MATERIAL FOR THIS TASK Start Marker
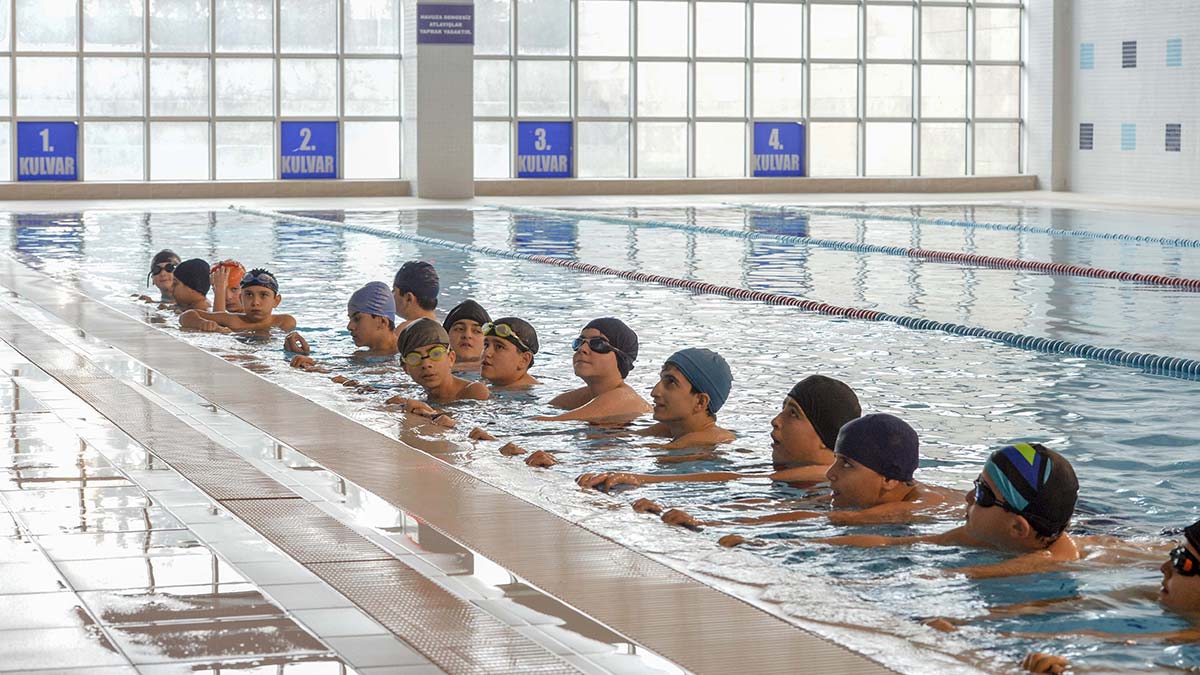 Aski̇ spor kulübü ücretsiz yüzme eğitimi verecek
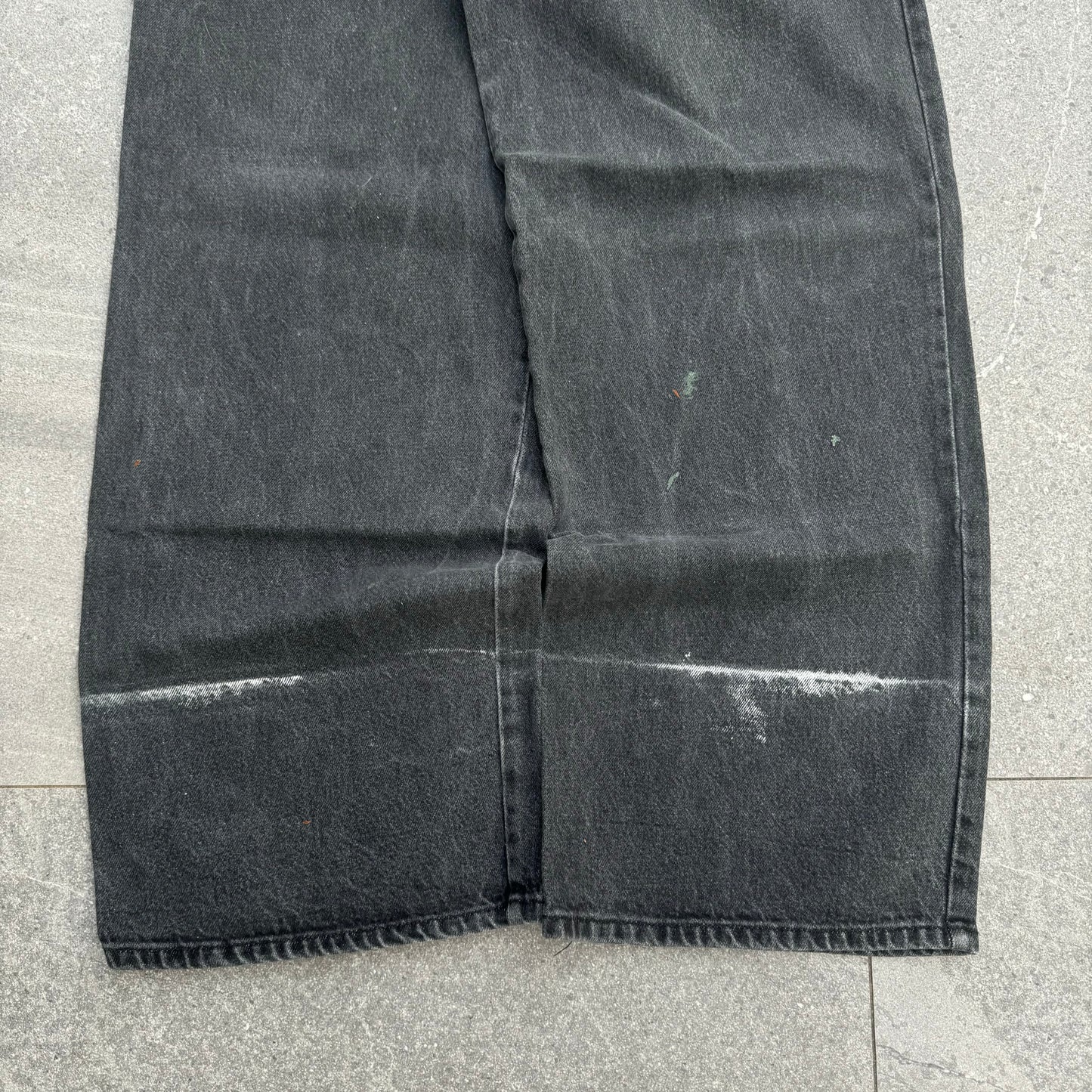 if you are a 32”, you need to buy these instantly. grail solo jeans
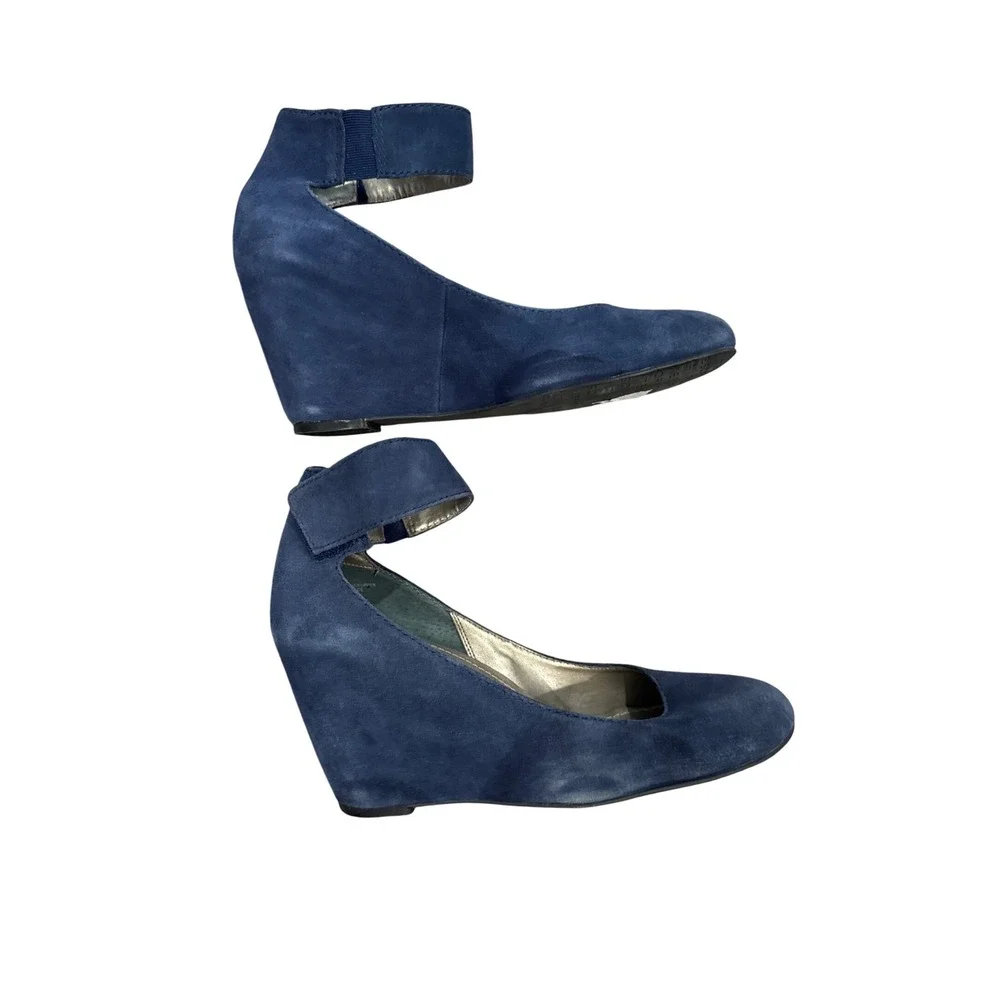 TESORI Navy Blue Suede Ankle Strap Wedge Heels Women's‎ Size 12M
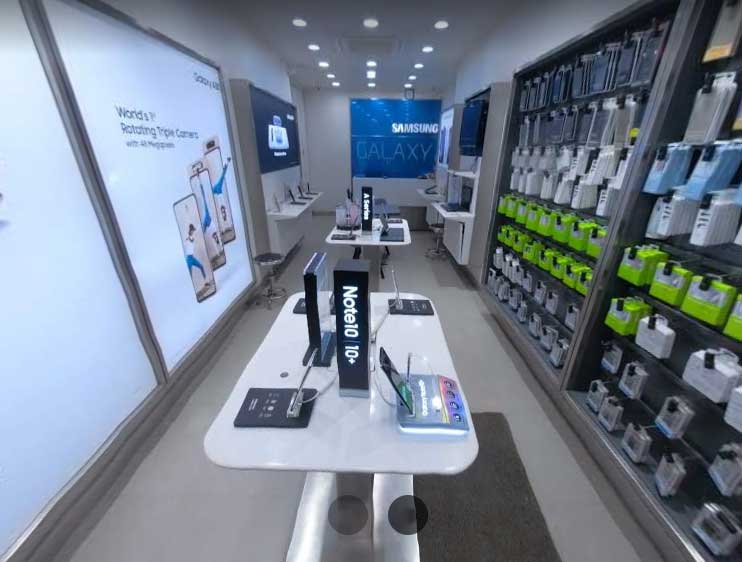 Samsung exclusive store smartcafe inside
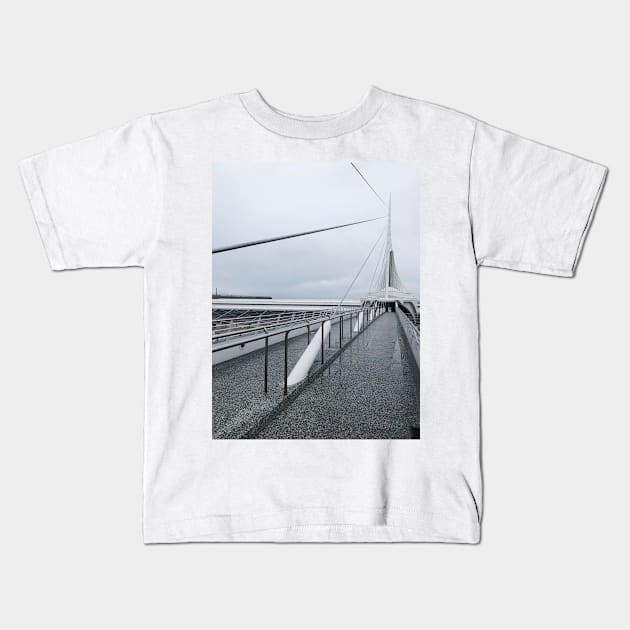 Milwaukee Art Museum Grey Skies Kids T-Shirt by offdutyplaces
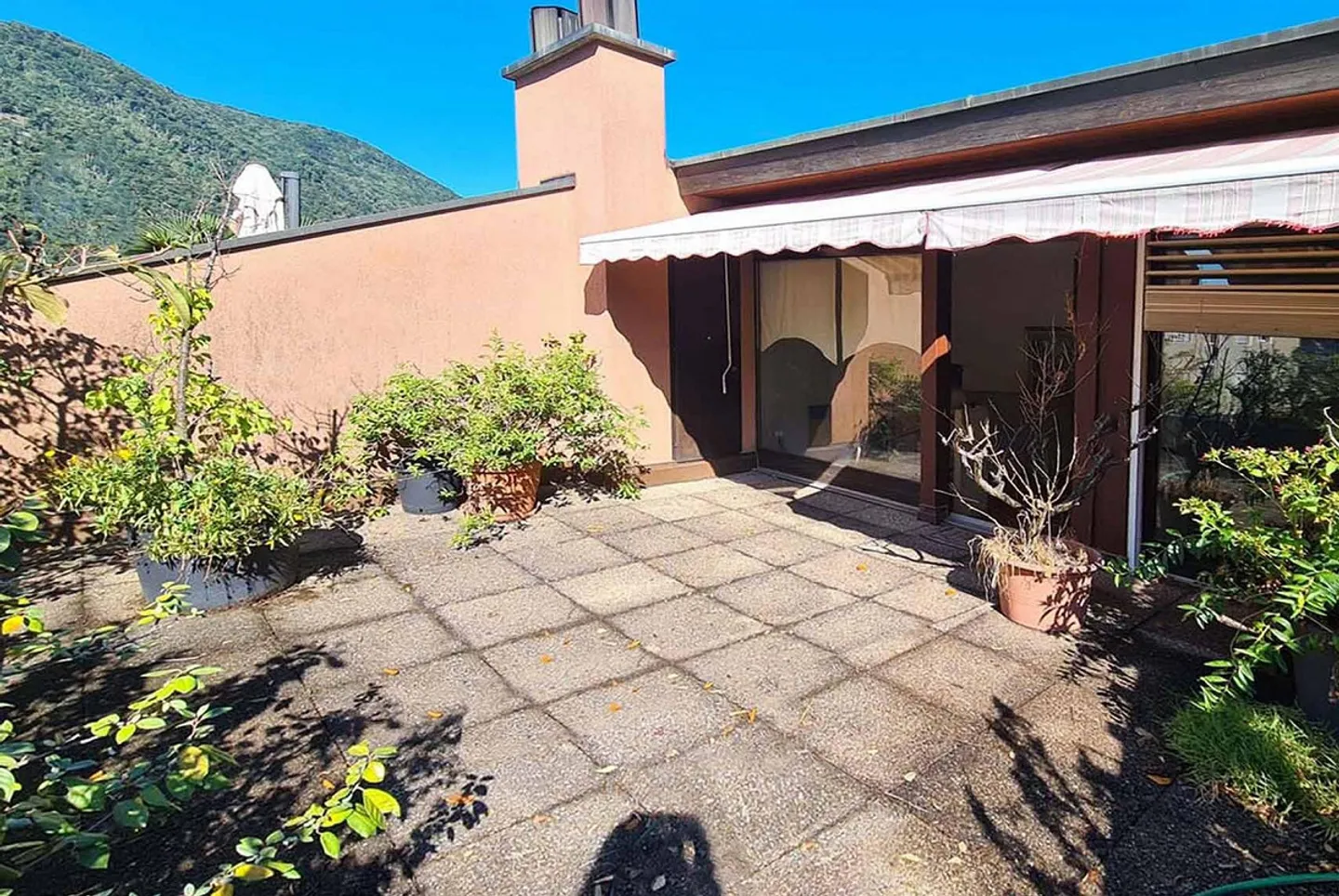 Bella casa bifamiliare di 5,5 stanze nel verde a Melano - Foto 2 di 10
MATERIAL FOR THIS TASK End Marker
## ASSIGNED TASK
In the printed copy, the material above must appear unchanged and without its pictures.

## RESPONSE
 Aski̇ spor kulübü ücretsiz yüzme eğitimi verecek
 if you are a 32”, you need to buy these instantly. grail solo jeans
 TESORI Navy Blue Suede Ankle Strap Wedge Heels Women's‎ Size 12M
 Samsung exclusive store smartcafe inside
 Milwaukee Art Museum Grey Skies Kids T-Shirt by offdutyplaces
 Bella casa bifamiliare di 5,5 stanze nel verde a Melano - Foto 2 di 10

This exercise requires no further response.